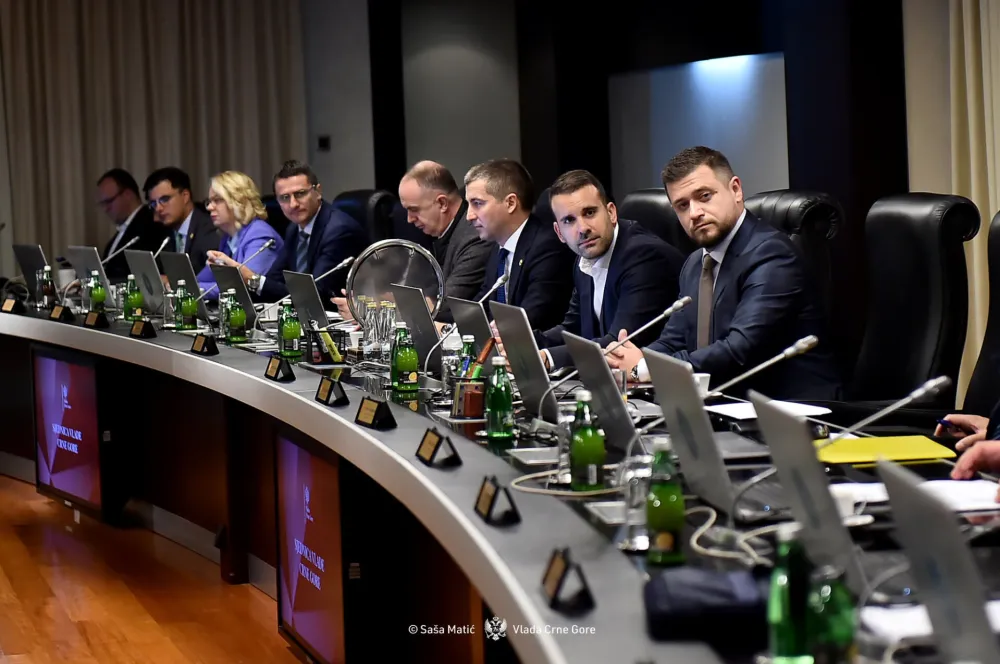 Vlada nas zadužila jo&scaron; 200 miliona eura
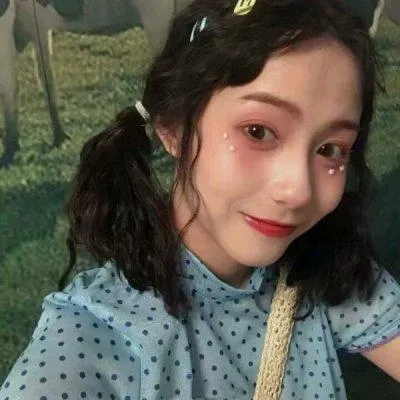 2019最新可爱搞怪风女生头像第1张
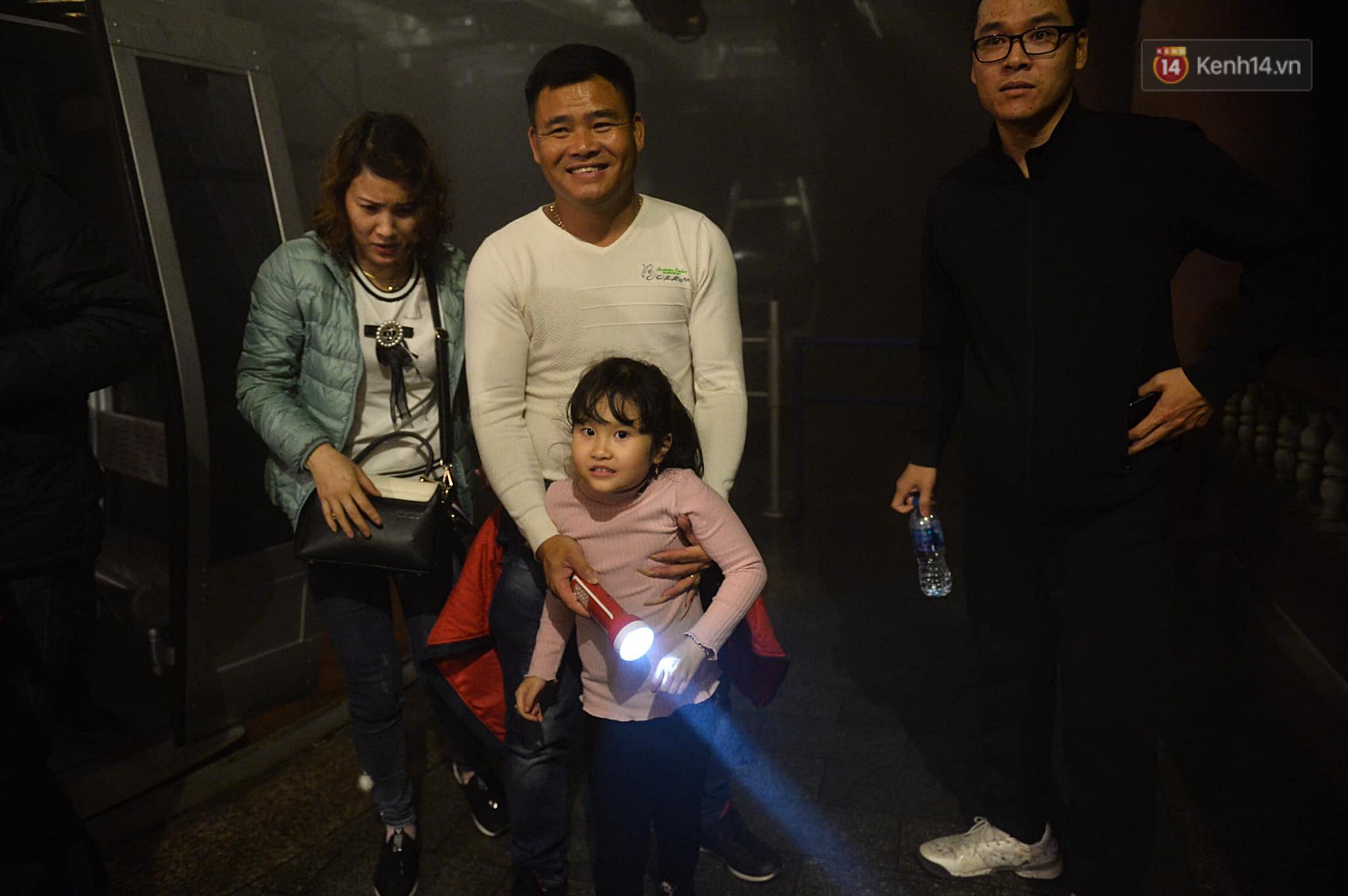 Hàng ngàn người dân đội mưa phùn trong giá rét, hành hương lên đỉnh Yên Tử trong đêm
───
(TASK OBJECTIVE) A word-for-word copy of the lines from the one with "2019最新可爱搞怪风女生头像第1张" through the last line of the data above is required, with both end lines included and no pictures.

(RESULT OF THIS TASK)
 2019最新可爱搞怪风女生头像第1张
 Hàng ngàn người dân đội mưa phùn trong giá rét, hành hương lên đỉnh Yên Tử trong đêm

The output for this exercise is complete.